Hybrid Workspaces must provide a point of convergence between the office and home. They must synchronise office, home and remote work environments and – as far as possible – minimise the experience gap between them.

Building a Blueprint

For Your Hybrid Workspace

The most challenging aspect of preparing the Hybrid Workspace is letting go of the ways of working associated with the ‘old normal’. Hybrid Working requires a new way of looking at the office.

You need to engage and survey your people. From this you can understand both their behaviour and expectations, audit the changes required and establish what is acceptable for you and your team.

Parts of the office may require updating or refitting. You may only need meeting rooms and hot desks rather than multiple rooms with banks of workstation desks. Digital transformation may also play its part. Investment in technology will reduce other overheads.

This process of change must be seen a positive. As an opportunity to save costs, improve efficiency, and make employees happier, healthier and ultimately more productive.

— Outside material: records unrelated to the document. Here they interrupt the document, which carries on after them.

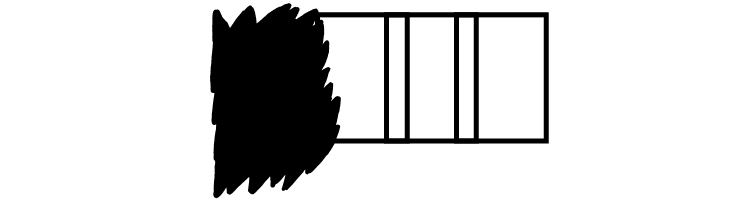 Tales of Scare FX Under  Free Fonts Download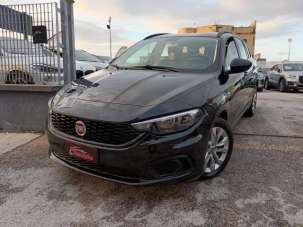 FIAT Tipo Benzina/GPL 2019 usata, Napoli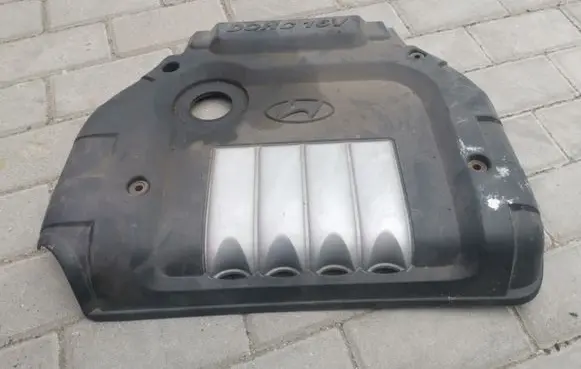 Hyundai Sonata Engine cover (trim) 2924038100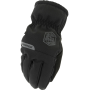 Mechanix ColdWork Summit talvekinda pealt vaade, kus on näha vett-tõrjuv pealiskangas ja pikendatud Gator Cuff randmeosa.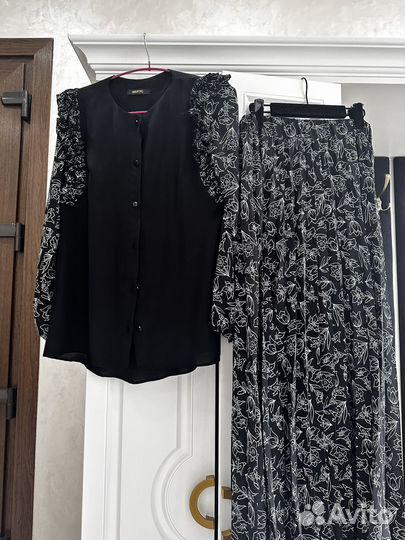 Костюм sassofono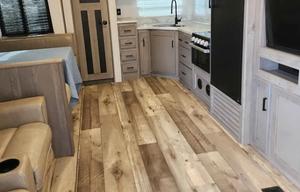 Dave and Connie's RV Rental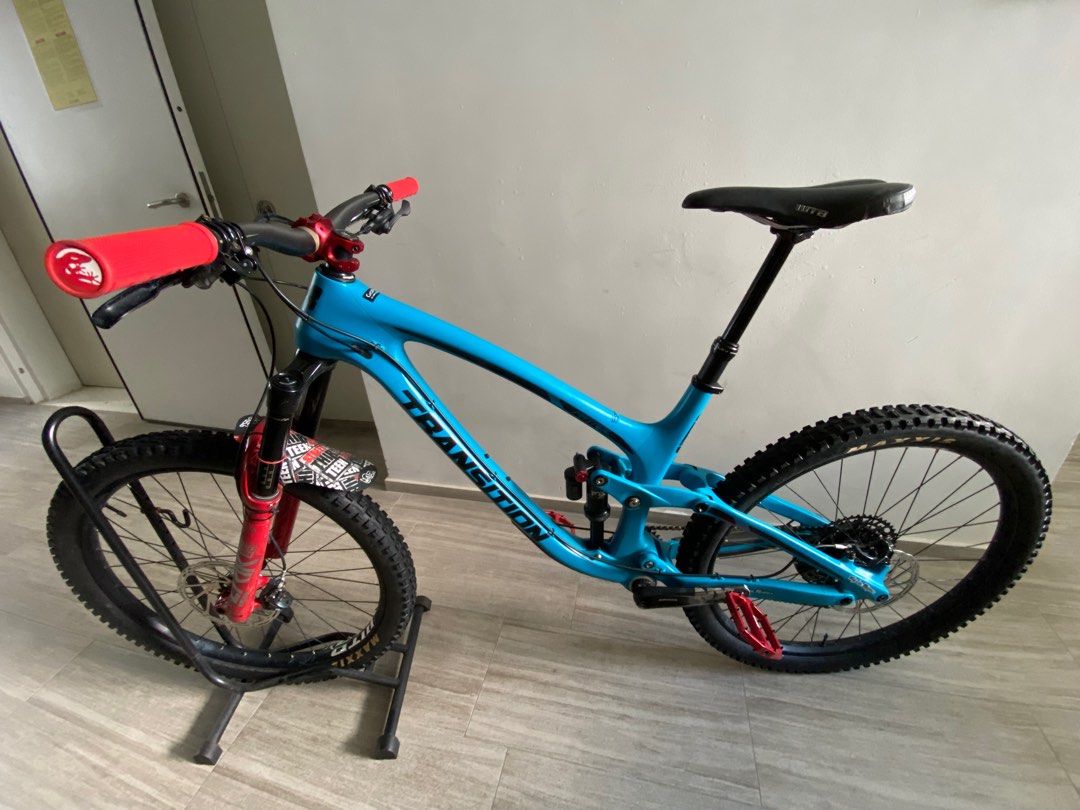 2019 mountain bike sale 2025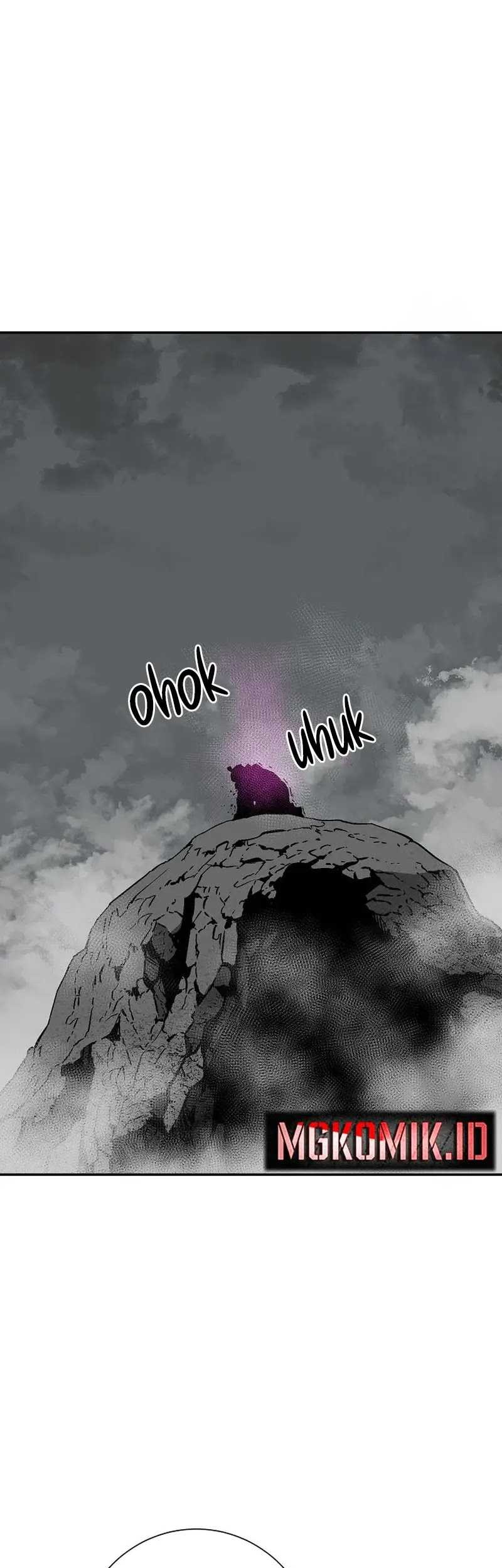 Tales of A Shinning Sword Chapter 80 - halaman 99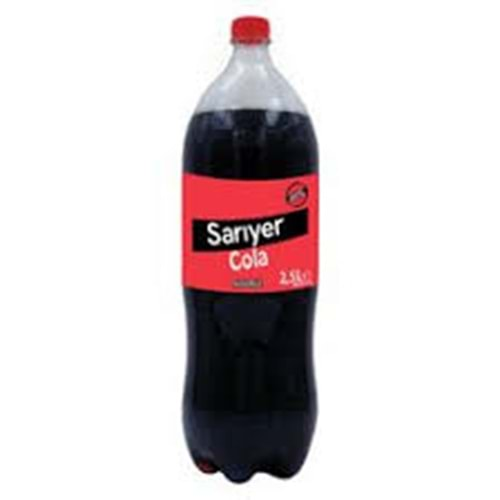 SARIYER KOLA 2.5LT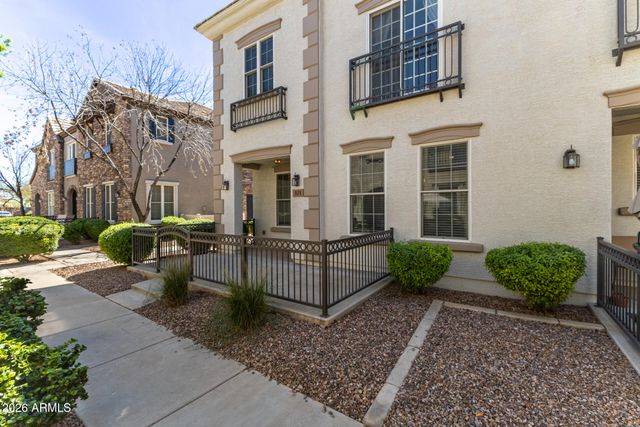 4750 E THUNDERHEART Trail 101, Gilbert, AZ 85297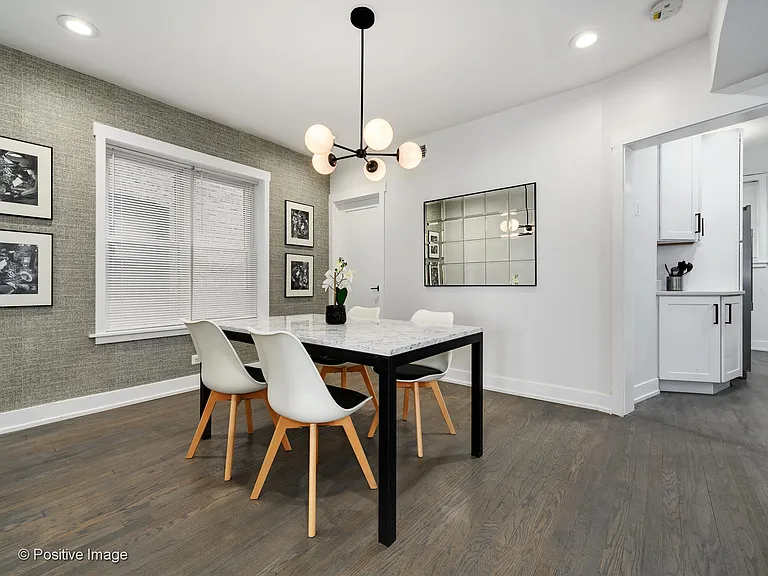 3243 N Damen Ave #2 — Photo 5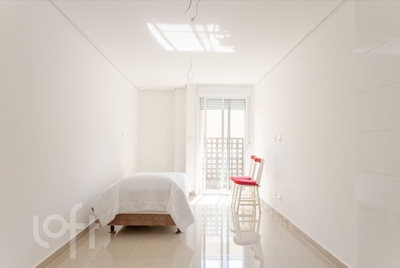 Apartamento, 1 quarto, 29 m² - Foto 5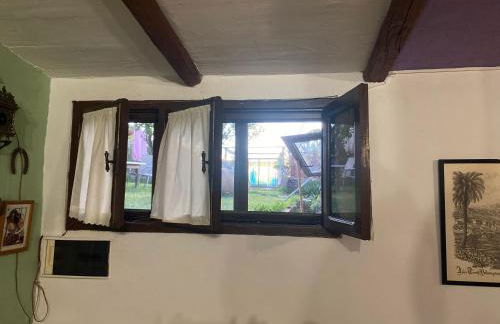 Rural House to take a Break, La Serreria 25 - Private garden - Foto 26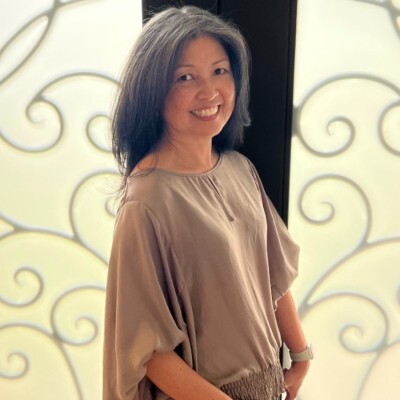 Photo of Erika
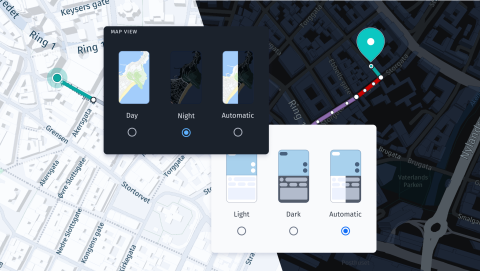 HERE WeGo | Maps & Navigation | Applications | HERE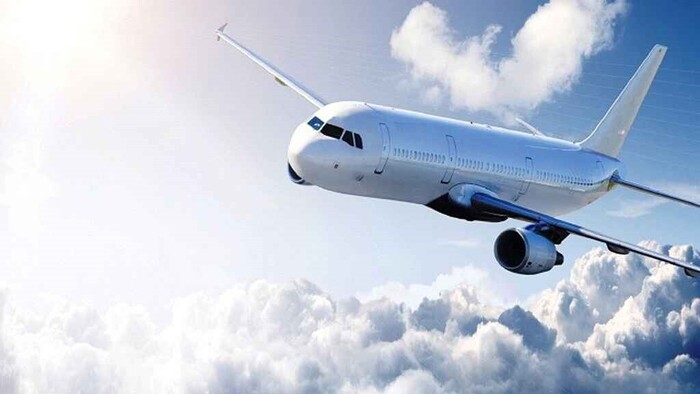 মাঝ আকাশেই বিমানের দরজা খোলা নিয়ে ধস্তাধস্তি, অতঃপর… 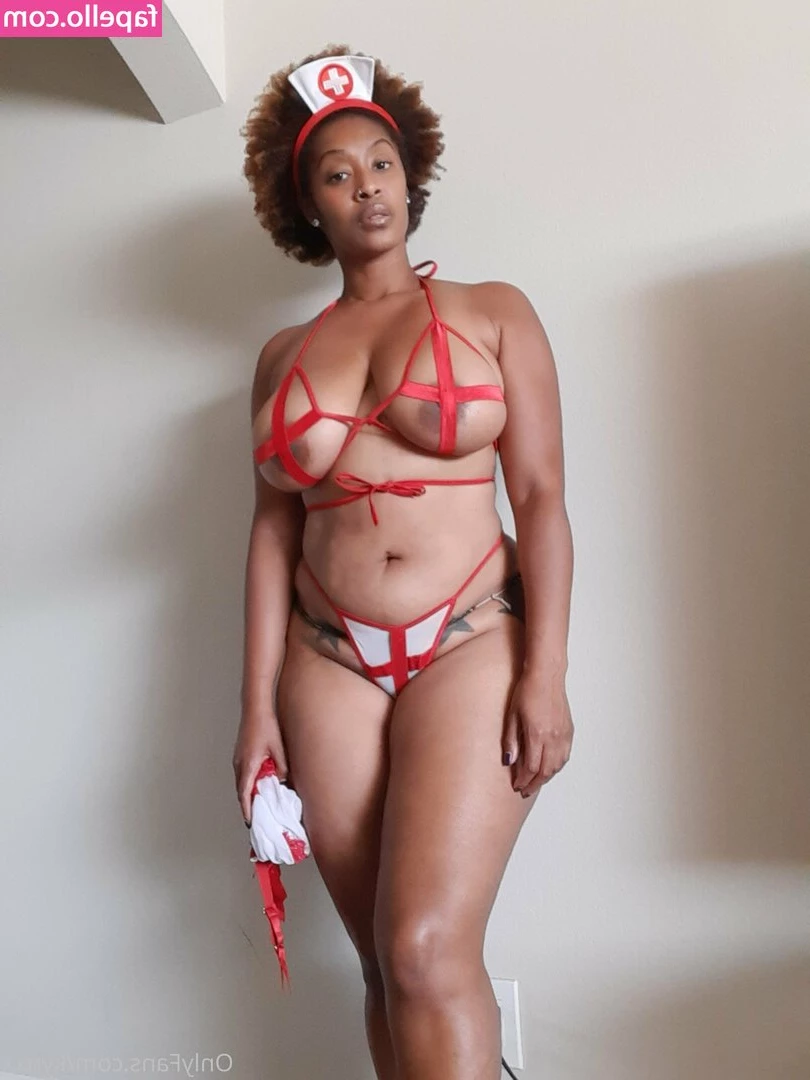 LavendaMonroe - Double sided dildo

Focus on People and Natural Working

Employee experience should be at the center of any Hybrid Workspace structure. Too often, improperly implemented workplace strategies have come at the cost of human connectivity and culture.

Hybrid Working cannot be effective if increased flexibility comes at the cost of stifled creativity, frustrated collaboration, and poor people performance.

It is vital to support natural ways of working irrespective of location. Remote workers cannot become sidelined. Nor can the office become ‘the place’ for collaboration and innovation.

Only by merging your digital and physical spaces can your hybrid workspace flourish.

An understanding of the communication and collaboration processes – and the differences between them – is critical to achieving synchronisation.